__Material to process__:
========================

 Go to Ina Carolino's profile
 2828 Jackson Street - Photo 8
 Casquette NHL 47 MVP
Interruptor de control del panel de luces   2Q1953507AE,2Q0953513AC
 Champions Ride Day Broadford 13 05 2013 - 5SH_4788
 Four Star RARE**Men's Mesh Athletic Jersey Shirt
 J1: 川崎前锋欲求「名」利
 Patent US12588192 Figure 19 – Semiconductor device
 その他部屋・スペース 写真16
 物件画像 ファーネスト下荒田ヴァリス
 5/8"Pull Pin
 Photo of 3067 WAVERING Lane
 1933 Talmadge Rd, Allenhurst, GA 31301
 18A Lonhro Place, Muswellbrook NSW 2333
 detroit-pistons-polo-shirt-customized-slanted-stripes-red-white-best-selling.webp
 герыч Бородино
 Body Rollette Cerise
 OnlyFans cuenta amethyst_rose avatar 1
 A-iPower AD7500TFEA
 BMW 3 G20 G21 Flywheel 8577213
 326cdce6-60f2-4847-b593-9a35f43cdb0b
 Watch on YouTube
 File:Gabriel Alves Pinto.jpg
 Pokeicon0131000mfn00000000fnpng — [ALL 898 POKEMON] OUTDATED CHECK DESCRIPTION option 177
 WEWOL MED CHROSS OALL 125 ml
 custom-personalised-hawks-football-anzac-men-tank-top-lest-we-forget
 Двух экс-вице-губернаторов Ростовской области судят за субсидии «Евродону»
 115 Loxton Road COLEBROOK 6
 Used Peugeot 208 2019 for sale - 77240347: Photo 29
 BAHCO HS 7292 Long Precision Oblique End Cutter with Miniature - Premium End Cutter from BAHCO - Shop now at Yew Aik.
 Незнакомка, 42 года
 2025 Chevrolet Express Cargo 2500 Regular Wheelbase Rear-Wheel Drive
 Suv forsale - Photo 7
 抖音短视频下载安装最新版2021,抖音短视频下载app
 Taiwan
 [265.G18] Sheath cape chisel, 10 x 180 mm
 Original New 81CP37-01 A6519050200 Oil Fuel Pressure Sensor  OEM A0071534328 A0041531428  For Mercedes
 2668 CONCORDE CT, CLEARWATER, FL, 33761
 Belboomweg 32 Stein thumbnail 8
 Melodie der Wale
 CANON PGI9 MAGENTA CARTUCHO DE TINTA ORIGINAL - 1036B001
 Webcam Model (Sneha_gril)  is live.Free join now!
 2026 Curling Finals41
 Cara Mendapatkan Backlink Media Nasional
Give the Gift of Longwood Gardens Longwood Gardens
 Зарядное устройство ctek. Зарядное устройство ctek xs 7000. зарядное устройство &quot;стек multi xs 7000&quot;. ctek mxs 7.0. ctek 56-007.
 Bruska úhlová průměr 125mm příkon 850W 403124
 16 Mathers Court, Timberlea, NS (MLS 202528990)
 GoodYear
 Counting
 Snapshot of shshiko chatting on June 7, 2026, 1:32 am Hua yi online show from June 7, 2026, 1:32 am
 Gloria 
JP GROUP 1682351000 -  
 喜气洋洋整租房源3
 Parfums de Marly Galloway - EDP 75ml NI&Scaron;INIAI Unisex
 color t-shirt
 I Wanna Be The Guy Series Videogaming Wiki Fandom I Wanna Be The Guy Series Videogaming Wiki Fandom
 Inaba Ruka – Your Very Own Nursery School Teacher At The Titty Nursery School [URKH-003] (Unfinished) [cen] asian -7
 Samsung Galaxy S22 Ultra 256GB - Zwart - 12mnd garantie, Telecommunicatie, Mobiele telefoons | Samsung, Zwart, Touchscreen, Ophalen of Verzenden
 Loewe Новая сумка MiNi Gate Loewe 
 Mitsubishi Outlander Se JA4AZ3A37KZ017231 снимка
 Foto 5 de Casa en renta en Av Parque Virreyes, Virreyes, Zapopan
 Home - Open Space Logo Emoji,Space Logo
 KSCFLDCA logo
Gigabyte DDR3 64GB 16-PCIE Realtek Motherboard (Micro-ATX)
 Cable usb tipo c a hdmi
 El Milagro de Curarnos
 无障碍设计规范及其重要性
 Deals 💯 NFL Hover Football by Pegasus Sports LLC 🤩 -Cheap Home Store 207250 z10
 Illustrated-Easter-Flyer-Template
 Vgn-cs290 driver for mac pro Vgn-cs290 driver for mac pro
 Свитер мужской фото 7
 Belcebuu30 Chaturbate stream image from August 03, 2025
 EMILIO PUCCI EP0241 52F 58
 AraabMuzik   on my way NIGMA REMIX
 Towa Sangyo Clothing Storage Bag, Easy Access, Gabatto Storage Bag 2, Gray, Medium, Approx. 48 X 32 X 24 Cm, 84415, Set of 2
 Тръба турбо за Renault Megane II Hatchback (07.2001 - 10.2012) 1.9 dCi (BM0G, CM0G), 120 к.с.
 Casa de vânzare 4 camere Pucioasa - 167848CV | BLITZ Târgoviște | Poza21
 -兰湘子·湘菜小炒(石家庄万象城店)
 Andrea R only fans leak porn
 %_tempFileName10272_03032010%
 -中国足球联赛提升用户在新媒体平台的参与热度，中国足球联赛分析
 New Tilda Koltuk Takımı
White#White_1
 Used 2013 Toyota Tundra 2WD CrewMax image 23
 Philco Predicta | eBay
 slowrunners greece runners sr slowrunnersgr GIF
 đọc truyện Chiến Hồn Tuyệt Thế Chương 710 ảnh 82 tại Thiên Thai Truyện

========================

__Action item__: Once you reach the line with "Foto 5 de Casa" in the data above, copy it and every line after it exactly, up to and including the line with "Illustrated-Easter-Flyer-Template".

__Response area__:
 Foto 5 de Casa en renta en Av Parque Virreyes, Virreyes, Zapopan
 Home - Open Space Logo Emoji,Space Logo
 KSCFLDCA logo
Gigabyte DDR3 64GB 16-PCIE Realtek Motherboard (Micro-ATX)
 Cable usb tipo c a hdmi
 El Milagro de Curarnos
 无障碍设计规范及其重要性
 Deals 💯 NFL Hover Football by Pegasus Sports LLC 🤩 -Cheap Home Store 207250 z10
 Illustrated-Easter-Flyer-Template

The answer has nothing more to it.